+++ Available records
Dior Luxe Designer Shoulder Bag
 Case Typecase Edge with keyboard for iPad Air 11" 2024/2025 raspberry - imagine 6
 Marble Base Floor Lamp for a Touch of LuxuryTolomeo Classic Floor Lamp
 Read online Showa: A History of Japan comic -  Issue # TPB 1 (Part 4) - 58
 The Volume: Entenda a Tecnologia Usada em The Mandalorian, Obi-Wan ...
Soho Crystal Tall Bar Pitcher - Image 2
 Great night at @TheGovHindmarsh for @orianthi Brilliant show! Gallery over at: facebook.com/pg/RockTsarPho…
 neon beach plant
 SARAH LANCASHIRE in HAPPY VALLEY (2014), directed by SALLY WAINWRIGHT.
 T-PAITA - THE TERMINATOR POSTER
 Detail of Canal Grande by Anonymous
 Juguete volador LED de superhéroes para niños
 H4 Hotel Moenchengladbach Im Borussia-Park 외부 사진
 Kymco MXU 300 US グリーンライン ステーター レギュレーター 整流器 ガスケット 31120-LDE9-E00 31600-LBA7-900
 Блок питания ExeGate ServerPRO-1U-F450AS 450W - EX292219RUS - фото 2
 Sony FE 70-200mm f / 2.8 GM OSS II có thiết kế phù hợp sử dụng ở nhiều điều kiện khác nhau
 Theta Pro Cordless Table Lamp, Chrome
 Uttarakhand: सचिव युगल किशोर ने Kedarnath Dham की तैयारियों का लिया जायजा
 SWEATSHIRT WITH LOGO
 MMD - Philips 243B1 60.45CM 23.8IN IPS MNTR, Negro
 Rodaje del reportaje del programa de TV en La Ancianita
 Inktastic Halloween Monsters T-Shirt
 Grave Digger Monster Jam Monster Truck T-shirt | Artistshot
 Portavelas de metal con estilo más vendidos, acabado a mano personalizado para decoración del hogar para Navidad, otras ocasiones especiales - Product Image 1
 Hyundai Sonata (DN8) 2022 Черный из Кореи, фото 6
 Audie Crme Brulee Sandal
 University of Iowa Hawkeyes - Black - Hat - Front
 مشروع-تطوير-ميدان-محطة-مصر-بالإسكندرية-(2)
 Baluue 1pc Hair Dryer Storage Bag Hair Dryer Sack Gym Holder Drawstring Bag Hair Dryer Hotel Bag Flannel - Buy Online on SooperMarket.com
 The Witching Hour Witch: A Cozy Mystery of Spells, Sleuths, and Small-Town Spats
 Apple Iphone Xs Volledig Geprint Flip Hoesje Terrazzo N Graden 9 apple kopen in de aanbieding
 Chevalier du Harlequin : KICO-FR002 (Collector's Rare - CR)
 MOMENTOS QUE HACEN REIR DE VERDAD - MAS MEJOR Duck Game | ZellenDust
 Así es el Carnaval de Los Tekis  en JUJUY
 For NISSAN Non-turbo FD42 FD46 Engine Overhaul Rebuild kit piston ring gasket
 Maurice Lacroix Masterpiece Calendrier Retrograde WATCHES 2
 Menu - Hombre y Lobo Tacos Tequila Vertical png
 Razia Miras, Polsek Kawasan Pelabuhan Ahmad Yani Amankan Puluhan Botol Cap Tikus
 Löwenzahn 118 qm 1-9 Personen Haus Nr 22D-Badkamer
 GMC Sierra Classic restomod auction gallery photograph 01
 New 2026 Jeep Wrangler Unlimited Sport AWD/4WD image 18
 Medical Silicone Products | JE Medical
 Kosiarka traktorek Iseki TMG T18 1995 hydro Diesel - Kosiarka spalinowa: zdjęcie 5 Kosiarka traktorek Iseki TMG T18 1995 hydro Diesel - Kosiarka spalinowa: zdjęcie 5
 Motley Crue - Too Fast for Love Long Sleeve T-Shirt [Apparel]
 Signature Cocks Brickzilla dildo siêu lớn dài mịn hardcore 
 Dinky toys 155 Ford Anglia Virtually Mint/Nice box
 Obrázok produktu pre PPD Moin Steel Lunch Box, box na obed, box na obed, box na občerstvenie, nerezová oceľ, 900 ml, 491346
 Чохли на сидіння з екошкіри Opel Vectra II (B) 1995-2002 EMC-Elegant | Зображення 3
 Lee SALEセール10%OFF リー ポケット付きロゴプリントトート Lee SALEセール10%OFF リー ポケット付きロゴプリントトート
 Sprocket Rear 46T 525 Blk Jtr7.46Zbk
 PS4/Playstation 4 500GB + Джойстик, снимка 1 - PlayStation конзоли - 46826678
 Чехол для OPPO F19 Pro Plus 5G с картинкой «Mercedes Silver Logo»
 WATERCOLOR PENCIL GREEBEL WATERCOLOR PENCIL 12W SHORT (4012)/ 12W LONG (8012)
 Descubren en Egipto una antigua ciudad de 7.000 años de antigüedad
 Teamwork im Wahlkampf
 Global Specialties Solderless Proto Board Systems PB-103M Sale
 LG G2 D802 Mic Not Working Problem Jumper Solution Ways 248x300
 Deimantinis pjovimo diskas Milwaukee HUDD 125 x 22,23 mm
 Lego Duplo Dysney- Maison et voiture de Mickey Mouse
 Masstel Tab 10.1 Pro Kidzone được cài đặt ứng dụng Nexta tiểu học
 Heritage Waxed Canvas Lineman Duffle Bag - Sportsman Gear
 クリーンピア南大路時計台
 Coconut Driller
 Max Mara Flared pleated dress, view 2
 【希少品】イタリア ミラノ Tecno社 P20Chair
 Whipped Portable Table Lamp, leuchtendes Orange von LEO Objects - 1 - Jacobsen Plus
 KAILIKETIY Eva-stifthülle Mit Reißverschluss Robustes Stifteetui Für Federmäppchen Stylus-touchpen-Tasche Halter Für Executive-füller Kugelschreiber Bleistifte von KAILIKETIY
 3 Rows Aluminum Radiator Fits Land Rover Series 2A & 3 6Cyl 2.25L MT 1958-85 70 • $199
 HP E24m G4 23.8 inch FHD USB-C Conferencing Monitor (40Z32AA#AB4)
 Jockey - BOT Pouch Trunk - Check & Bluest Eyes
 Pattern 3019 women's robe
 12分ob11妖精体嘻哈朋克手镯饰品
++++++
- [Task goal]
Beginning with the line that contains "Lego Duplo Dysney- Maison", repeat every line through the end of the records and nothing more.

- [Answer area]
 Lego Duplo Dysney- Maison et voiture de Mickey Mouse
 Masstel Tab 10.1 Pro Kidzone được cài đặt ứng dụng Nexta tiểu học
 Heritage Waxed Canvas Lineman Duffle Bag - Sportsman Gear
 クリーンピア南大路時計台
 Coconut Driller
 Max Mara Flared pleated dress, view 2
 【希少品】イタリア ミラノ Tecno社 P20Chair
 Whipped Portable Table Lamp, leuchtendes Orange von LEO Objects - 1 - Jacobsen Plus
 KAILIKETIY Eva-stifthülle Mit Reißverschluss Robustes Stifteetui Für Federmäppchen Stylus-touchpen-Tasche Halter Für Executive-füller Kugelschreiber Bleistifte von KAILIKETIY
 3 Rows Aluminum Radiator Fits Land Rover Series 2A & 3 6Cyl 2.25L MT 1958-85 70 • $199
 HP E24m G4 23.8 inch FHD USB-C Conferencing Monitor (40Z32AA#AB4)
 Jockey - BOT Pouch Trunk - Check & Bluest Eyes
 Pattern 3019 women's robe
 12分ob11妖精体嘻哈朋克手镯饰品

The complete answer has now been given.